A first outing, wonderfully streamlined and unsentimental, about a couple of big-city refugees in rural Pennsylvania who conduct a vicious relationship skirmish. Some relationship novels simply spin their wheels, offer minute analysis of the most mundane lives, adding homespun wisdom and the occasional uplifting, ready-made resolution. And some are like this one, which, though resolutely a novel of relationships-of people rather than story-manages to offer up a unique tale of love and the battlefields it is fought on. Set in a small Pennsylvania town that seems unchanged by time, it tells of Nina, a designer of oddly engineered, Rube-Goldberg-like machines who is locked into a decades-long love/hate relationship with her boyfriend Tony, a painter and professor. Nina's encounter with Bill, an older man who lives nearby watching over a farm, opens up a can of worms between herself and Tony. The two of them have been playing a passive-aggressive cheating-revenge game for some years now, and when Bill unexpectedly opens up to Nina about an affair he had back in the 1950s with his brother's French wife, it awakens a heretofore-unknown level of hostility in Nina toward the flirty, philandering Tony.

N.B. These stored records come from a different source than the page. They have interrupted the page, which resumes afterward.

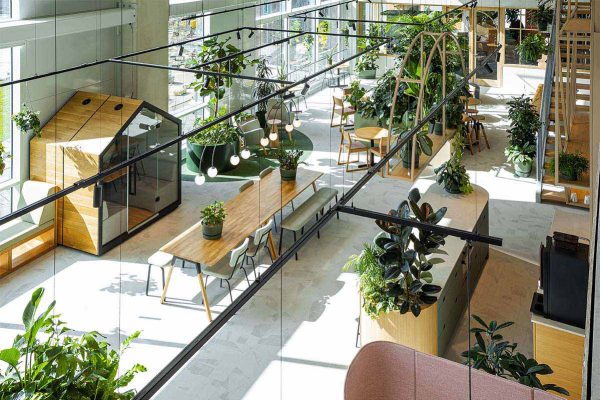 Be-Max-showroom-biophilic-design-kantoorinrichting-biofilia-interieur-kantoorinterieur-kantooroplossing-groen-natuur-projectinrichting-project-kantoorinspiratie-welzijn-kantooromgeving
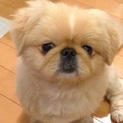 募集を中断しています
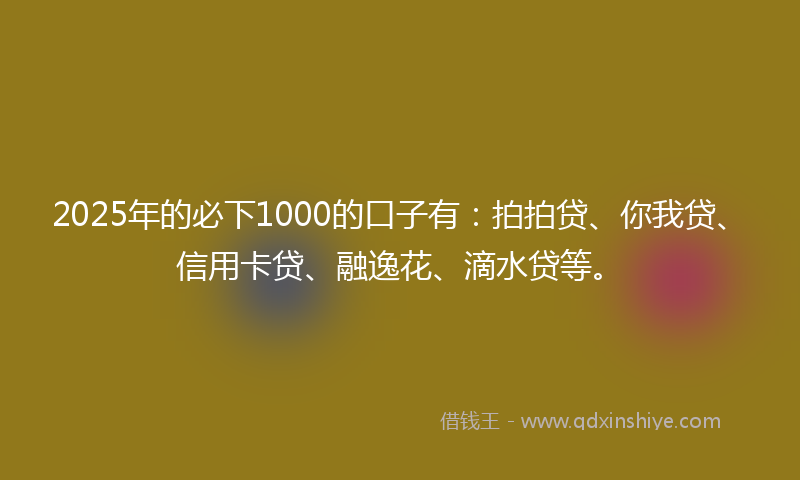 2025年的必下1000的口子有：拍拍贷、你我贷、信用卡贷、融逸花、滴水贷等。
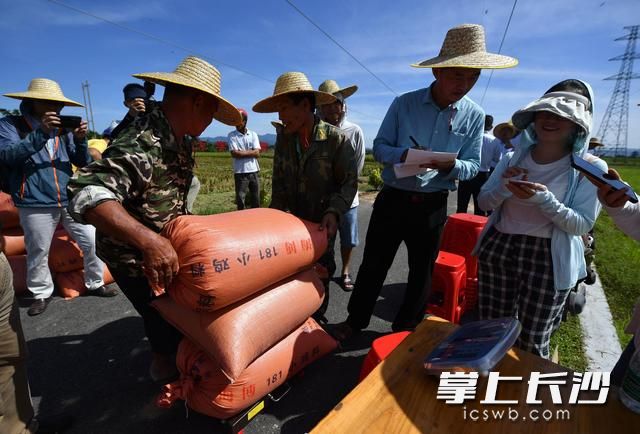 测产专家组成员记录水稻测重结果。新华社记者 郭程 摄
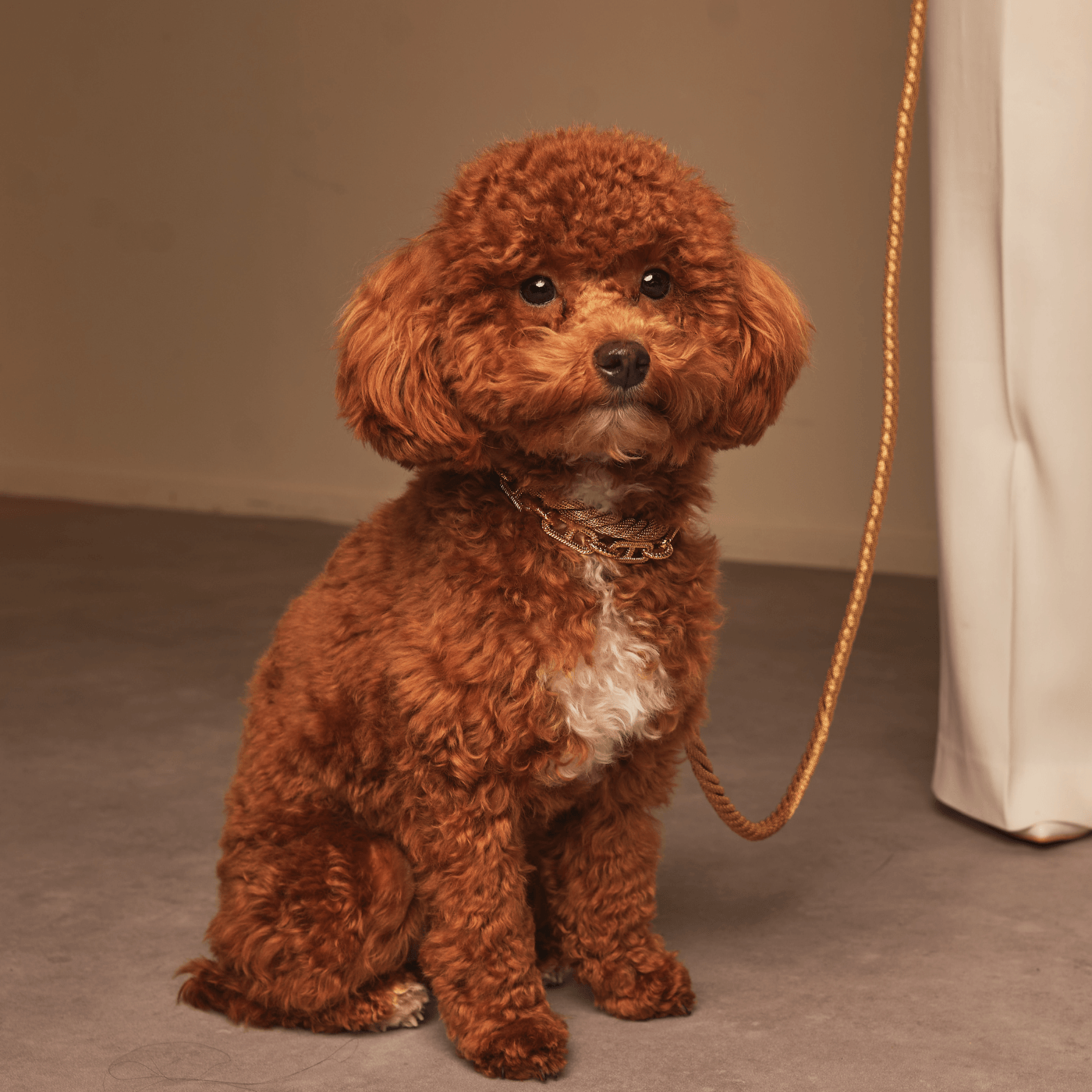 Meomari Cormani Dog Necklace Collar - Meomari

Happily for readers, Latuchie spends a decent amount of time flashing away from Nina's neurotic present (she's an interesting and sharp character, but, as her friends keep noting, she has a tendency to go on in "fucking, endless patterns"). The narrative presents a latticework of stories from Nina and Tony's past as well as Bill's, especially about the aftermath of his affair and the collateral damage it caused his family. The only detail that doesn't quite work is the title's "honey wall," a nestof hidden bees made to serve as a belabored metaphor for the erotic repercussions of illicit affairs. Still, a collection of small, perfectly chosen moments, seamlessly woven together. Agent: Sarah Burnes/Burnes & Clegg
"Redolent with apprehension and sudden longing....The deeper values of the book lie in the challenges that face all the characters and ourselves: are passion and honesty—about love, about the world—finally incompatible?"